== Records excerpted from a collection ==
--*--

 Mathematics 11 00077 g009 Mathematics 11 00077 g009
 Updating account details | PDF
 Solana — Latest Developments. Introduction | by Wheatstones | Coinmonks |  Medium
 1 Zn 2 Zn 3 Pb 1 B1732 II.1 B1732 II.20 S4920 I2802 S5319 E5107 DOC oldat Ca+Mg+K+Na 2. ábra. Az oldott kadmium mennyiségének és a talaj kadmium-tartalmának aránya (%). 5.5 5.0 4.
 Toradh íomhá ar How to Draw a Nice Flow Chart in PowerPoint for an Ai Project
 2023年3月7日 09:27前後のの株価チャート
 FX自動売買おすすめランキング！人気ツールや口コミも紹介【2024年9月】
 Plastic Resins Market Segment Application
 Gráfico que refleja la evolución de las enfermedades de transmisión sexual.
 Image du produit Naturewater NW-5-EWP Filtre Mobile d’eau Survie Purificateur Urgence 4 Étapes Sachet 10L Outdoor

--*--

Write out all of the records above exactly as they appear.

== EXERCISE RESULT ==
 Mathematics 11 00077 g009 Mathematics 11 00077 g009
 Updating account details | PDF
 Solana — Latest Developments. Introduction | by Wheatstones | Coinmonks |  Medium
 1 Zn 2 Zn 3 Pb 1 B1732 II.1 B1732 II.20 S4920 I2802 S5319 E5107 DOC oldat Ca+Mg+K+Na 2. ábra. Az oldott kadmium mennyiségének és a talaj kadmium-tartalmának aránya (%). 5.5 5.0 4.
 Toradh íomhá ar How to Draw a Nice Flow Chart in PowerPoint for an Ai Project
 2023年3月7日 09:27前後のの株価チャート
 FX自動売買おすすめランキング！人気ツールや口コミも紹介【2024年9月】
 Plastic Resins Market Segment Application
 Gráfico que refleja la evolución de las enfermedades de transmisión sexual.
 Image du produit Naturewater NW-5-EWP Filtre Mobile d’eau Survie Purificateur Urgence 4 Étapes Sachet 10L Outdoor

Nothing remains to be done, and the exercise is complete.